> What is required
Transcribe, starting at the line with "1980-1986 Ford F250" and ending at the line with "Emerson Spina, adestrador", every line of the material below exactly, but leave out the pictures and anything outside that span.
[[ Material for this task open ]]
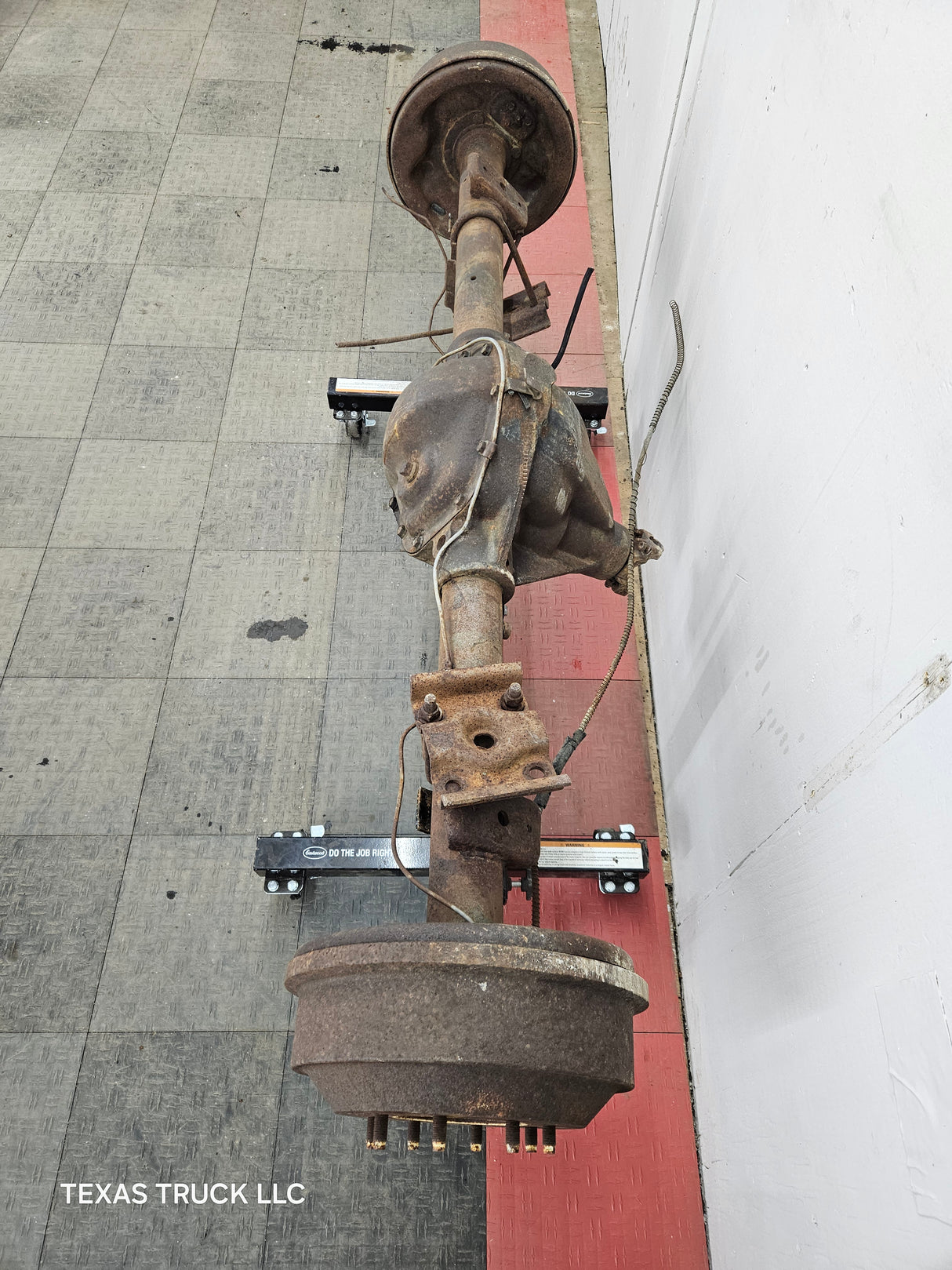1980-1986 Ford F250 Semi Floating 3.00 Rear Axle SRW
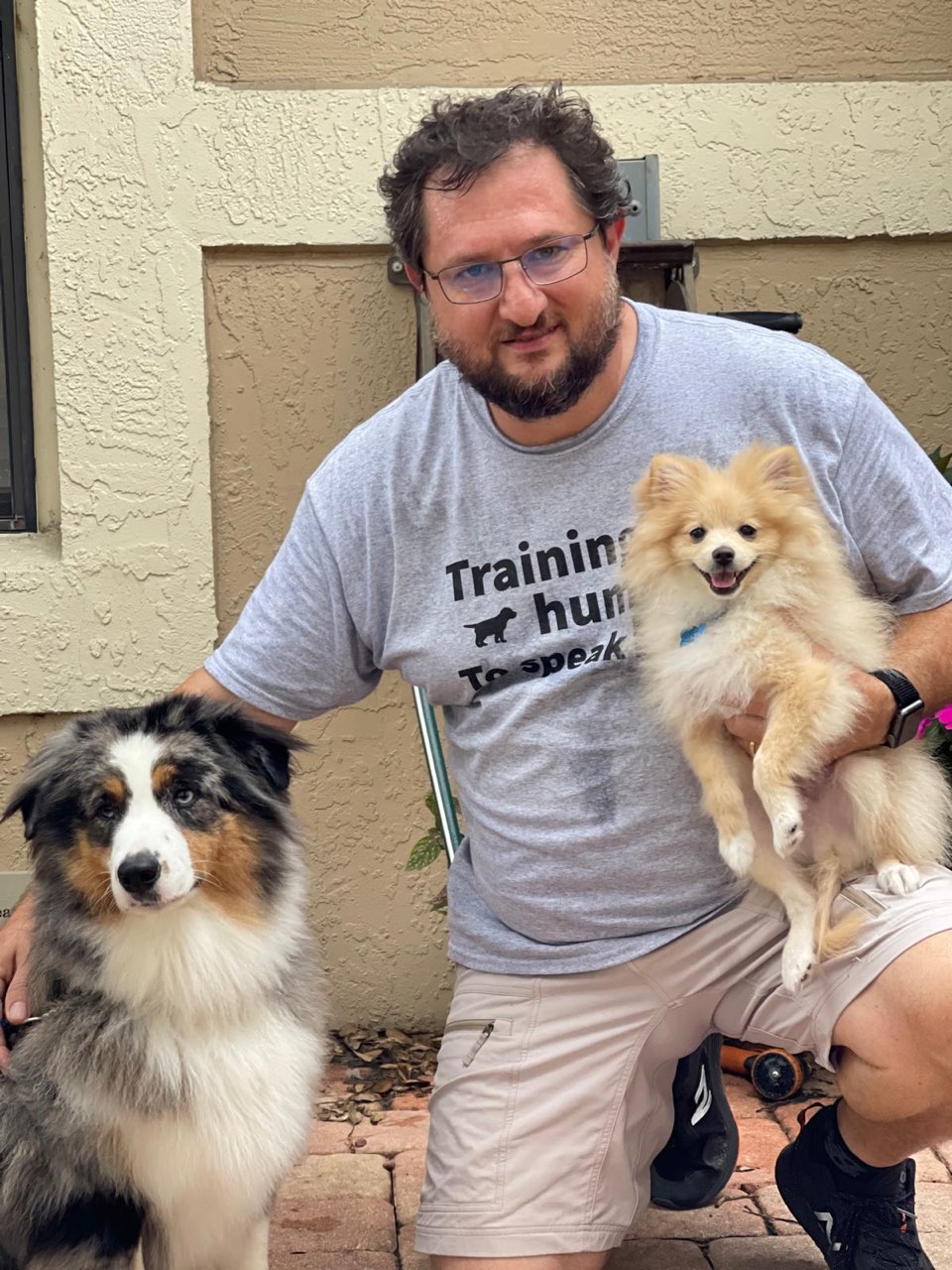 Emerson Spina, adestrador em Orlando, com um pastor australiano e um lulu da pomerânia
[[ Material for this task closed ]]
[[ Material for this task open ]]
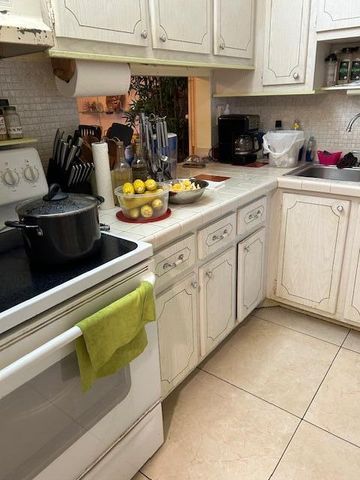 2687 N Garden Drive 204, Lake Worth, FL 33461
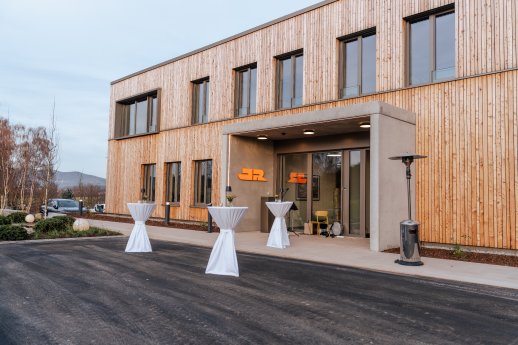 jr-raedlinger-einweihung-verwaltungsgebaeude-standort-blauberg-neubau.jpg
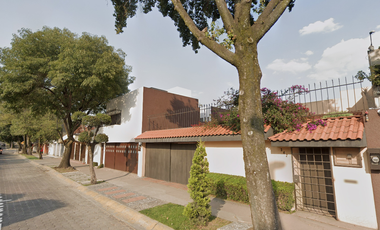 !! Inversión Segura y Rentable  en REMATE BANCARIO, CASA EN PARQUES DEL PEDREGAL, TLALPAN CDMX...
[[ Material for this task closed ]]
> Your response
1980-1986 Ford F250 Semi Floating 3.00 Rear Axle SRW
 Emerson Spina, adestrador em Orlando, com um pastor australiano e um lulu da pomerânia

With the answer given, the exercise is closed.